Among other things, graduation implies a privilege level reset and a moderator election. With 16 and counting 3k users, I think the graduated privilege levels will probably be fine, if a bit annoying for some folks. But I don't think this site can support an election just yet. In the past we've noticed two problems with sites that don't have a large middle class:

  1. 3 or fewer viable candidates nominate themselves.
  2. Low voter turnout.

The first problem recently forced us to restart the first election on Japanese Language. It's embarrassing and discouraging; the polar opposite of what we hope a newly graduated site will experience. But the second might be a bigger risk. I looked at our history of elections and discovered there were 26 elections with fewer than 100 voters. On the whole, smaller sites tended to have better turnout:

Voter turnout improves on smaller sites.

But they are also a lot less predictable. Mechanics currently has 258 users with 150+ reputation. We can't know if there will be a record turnout (44%) or a median turnout (14%). A low turnout would undermine the democratic process. We have some internal metrics based on reputation distribution that we use to evaluate election readiness. According to our rules of thumb, there just aren't enough likely voters to sustain an election.

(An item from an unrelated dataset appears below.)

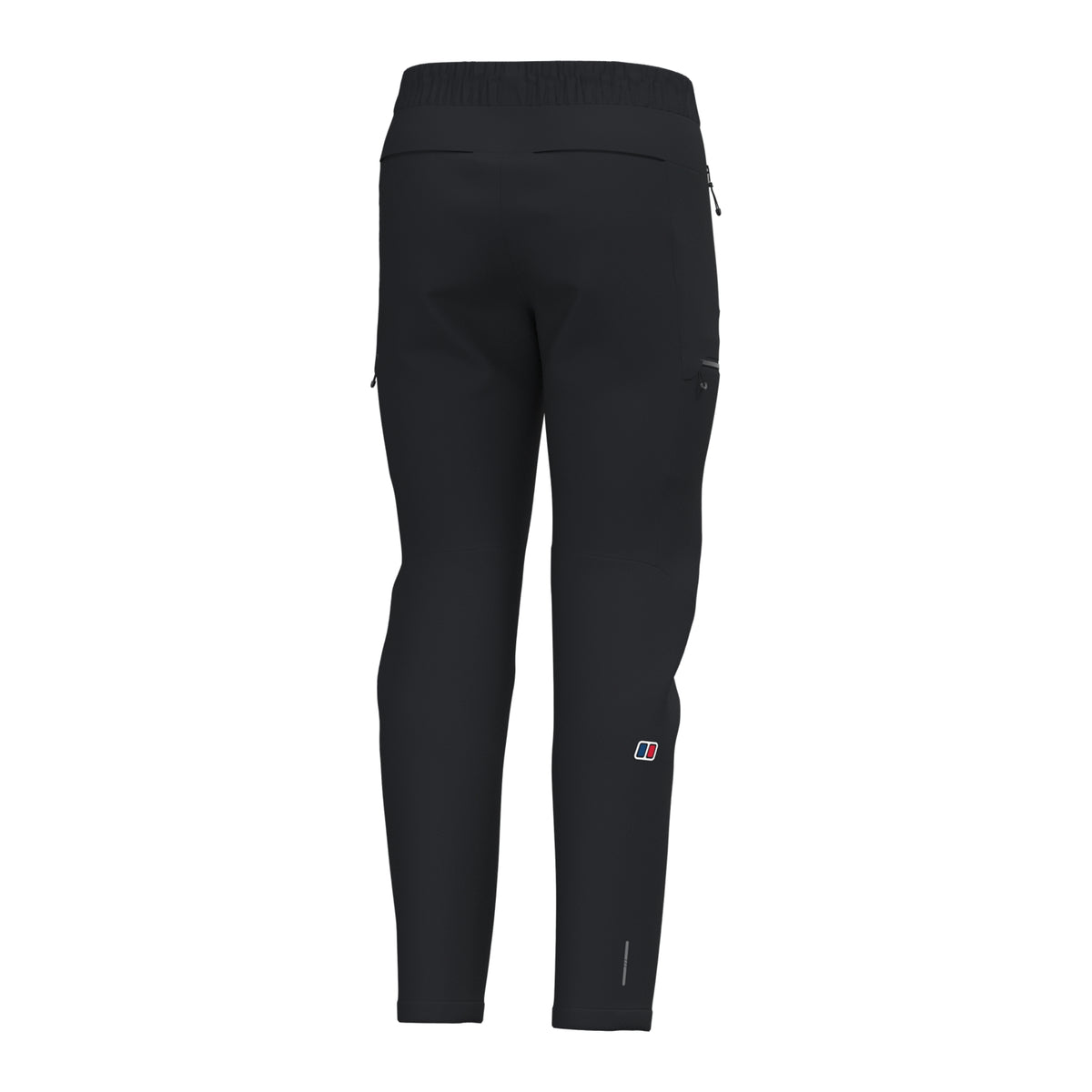 Black slim pants with elastic waistband and back logo patch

So we are delaying the graduation of Motor Vehicle Maintenance & Repair until there are more potential moderator candidates and voters. We will be reviewing the statistics every few months (I get an automated reminder) in anticipation of graduating this site. In the meantime, I'd like to suggest a few things you, as active users on the main site, can do to hurry that process along:

  1. Vote. I don't know if this is the root of the problem, but voting is the engine that drives the reputation economy. In addition, new users are tend to be discouraged if they aren't making progress toward important privileges. Please continue to vote on the basis of content, however. This is just a reminder that useful posts should be upvoted.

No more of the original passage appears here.